Your instructions
Print, exactly as they stand, the lines below from the one that has "time at home" to the one that has "woman floating underwater in room", inclusive, leaving out the pictures.

Data excerpts
* * *

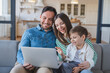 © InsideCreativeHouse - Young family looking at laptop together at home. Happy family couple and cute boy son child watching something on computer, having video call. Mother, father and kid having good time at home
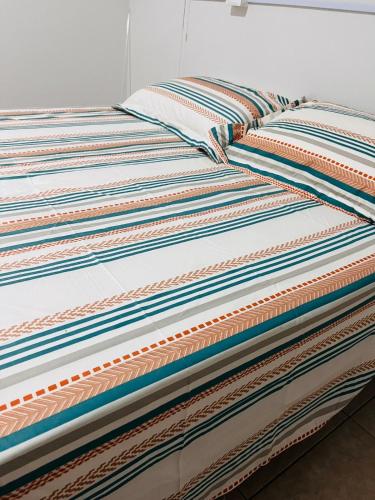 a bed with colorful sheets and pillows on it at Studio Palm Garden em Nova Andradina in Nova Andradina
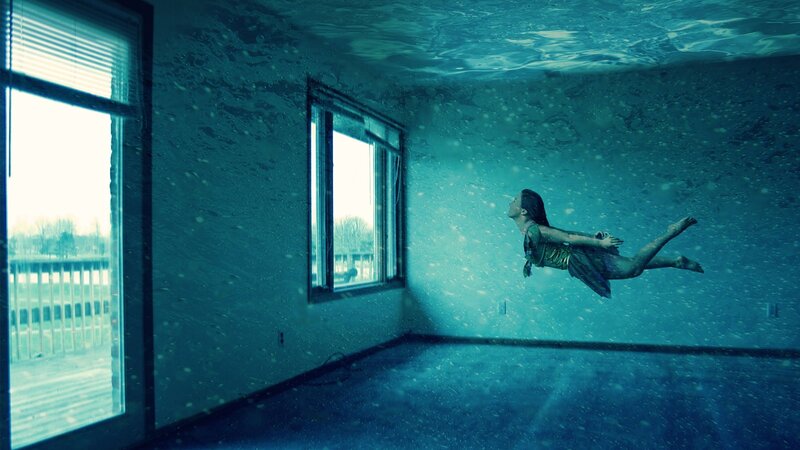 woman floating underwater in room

* * *

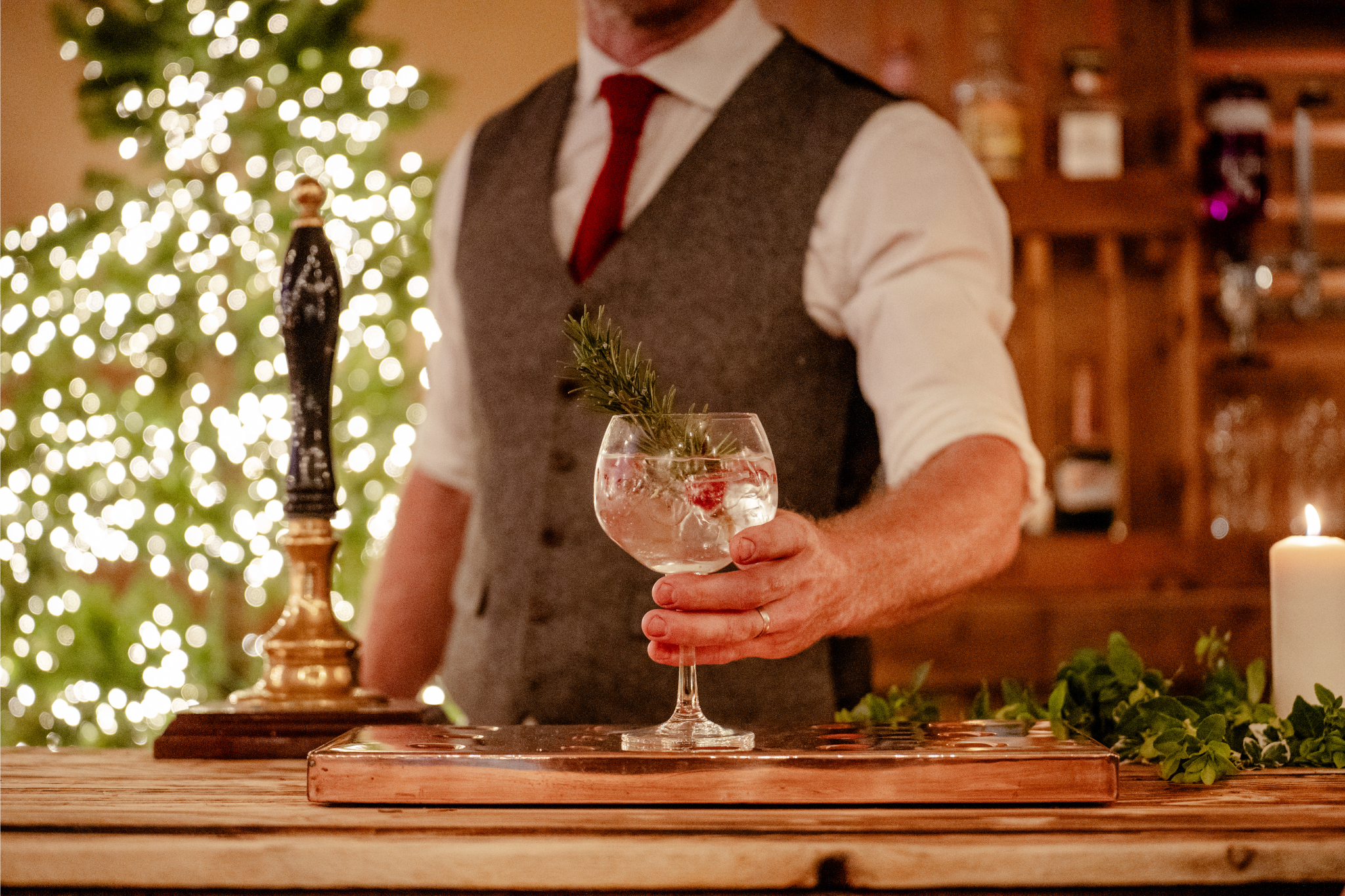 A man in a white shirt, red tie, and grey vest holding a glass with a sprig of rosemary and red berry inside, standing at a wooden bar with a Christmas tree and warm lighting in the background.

* * *

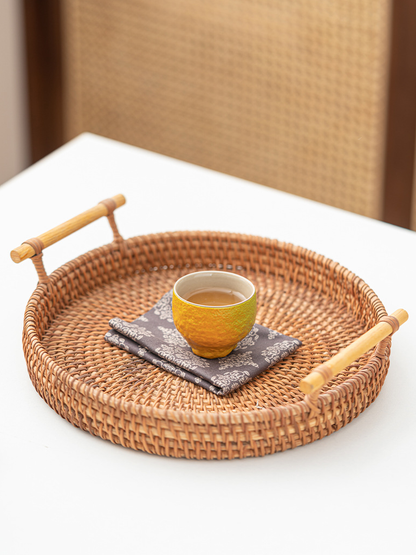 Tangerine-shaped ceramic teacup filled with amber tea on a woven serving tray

* * *

Answer to this problem
 © InsideCreativeHouse - Young family looking at laptop together at home. Happy family couple and cute boy son child watching something on computer, having video call. Mother, father and kid having good time at home
 a bed with colorful sheets and pillows on it at Studio Palm Garden em Nova Andradina in Nova Andradina
 woman floating underwater in room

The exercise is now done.